The Stinger Initiative: Making Apache Hive 100 Times Faster by Alan Gates.
From the post:
Introduced by Facebook in 2007, Apache Hive and its HiveQL interface has become the de facto SQL interface for Hadoop. Today, companies of all types and sizes use Hive to access Hadoop data in a familiar way and to extend value to their organization or customers either directly or though a broad ecosystem of existing BI tools that rely on this key proven interface. The who’s who of business analytics have already adopted Hive.
Hive was originally built for large-scale operational batch processing and it is very effective with reporting, data mining and data preparation use cases. These usage patterns remain very important but with widespread adoption of Hadoop, the enterprise requirement for Hadoop to become more real time or interactive has increased in importance as well. At Hortonworks, we believe in the power of the open source community to innovate faster than any proprietary offering and the Stinger initiative is proof of this once again as we collaborate with others to improve Hive performance.
So, What is Stinger?
Enabling Hive to answer human-time use cases (i.e. queries in the 5-30 second range) such as big data exploration, visualization, and parameterized reports without needing to resort to yet another tool to install, maintain and learn can deliver a lot of value to the large community of users with existing Hive skills and investments.

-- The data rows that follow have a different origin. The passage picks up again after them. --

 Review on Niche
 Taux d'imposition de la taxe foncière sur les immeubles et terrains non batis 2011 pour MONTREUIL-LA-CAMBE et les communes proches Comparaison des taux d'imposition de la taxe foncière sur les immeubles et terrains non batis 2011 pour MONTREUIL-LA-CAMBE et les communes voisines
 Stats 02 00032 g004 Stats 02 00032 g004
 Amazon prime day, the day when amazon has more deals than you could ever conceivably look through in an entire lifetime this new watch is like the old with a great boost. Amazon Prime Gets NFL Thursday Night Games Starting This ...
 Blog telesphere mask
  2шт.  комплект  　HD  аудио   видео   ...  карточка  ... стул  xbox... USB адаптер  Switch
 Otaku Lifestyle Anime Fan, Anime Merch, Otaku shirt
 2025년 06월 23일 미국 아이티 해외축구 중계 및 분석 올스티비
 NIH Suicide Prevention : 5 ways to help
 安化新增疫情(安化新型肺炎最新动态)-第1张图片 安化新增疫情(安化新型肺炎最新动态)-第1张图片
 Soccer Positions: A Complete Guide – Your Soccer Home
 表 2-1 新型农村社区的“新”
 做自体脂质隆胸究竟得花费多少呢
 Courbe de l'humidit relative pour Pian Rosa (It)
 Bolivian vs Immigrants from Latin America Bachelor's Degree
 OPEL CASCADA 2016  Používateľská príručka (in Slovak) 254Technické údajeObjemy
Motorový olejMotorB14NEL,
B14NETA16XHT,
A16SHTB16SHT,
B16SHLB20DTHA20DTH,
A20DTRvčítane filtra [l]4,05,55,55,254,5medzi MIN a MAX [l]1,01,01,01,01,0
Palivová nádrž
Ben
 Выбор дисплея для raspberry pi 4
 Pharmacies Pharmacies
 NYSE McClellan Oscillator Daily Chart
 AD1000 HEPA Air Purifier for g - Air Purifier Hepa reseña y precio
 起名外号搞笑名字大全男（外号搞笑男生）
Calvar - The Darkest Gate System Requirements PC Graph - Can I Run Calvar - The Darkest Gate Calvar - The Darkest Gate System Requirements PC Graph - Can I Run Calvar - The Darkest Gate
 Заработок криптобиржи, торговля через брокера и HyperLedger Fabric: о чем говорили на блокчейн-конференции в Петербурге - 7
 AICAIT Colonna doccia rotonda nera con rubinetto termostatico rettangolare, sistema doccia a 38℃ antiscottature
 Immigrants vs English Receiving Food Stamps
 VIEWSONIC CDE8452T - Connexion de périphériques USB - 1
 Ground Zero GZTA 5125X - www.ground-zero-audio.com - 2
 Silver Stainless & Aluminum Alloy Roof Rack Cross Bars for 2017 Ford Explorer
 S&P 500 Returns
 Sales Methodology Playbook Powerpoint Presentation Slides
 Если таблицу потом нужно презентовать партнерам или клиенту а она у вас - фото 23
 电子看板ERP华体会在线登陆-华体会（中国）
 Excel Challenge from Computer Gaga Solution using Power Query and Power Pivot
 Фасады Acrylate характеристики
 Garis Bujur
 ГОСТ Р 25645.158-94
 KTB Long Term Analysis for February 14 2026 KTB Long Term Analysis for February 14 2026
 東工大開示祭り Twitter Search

To this end, we have launched the Stinger Initiative, with input and participation from the broader community, to enhance Hive with more SQL and better performance for these human-time use cases. All the while, HiveQL remains the same before and after these advancements so it just gets better. And in keeping with the ecosystem of existing tools, it is complementary to best-of-breed data warehouses and analytic platforms.
Leveraging on existing skills and infrastructure.
Who knows? Hortonworks maybe about to start a trend!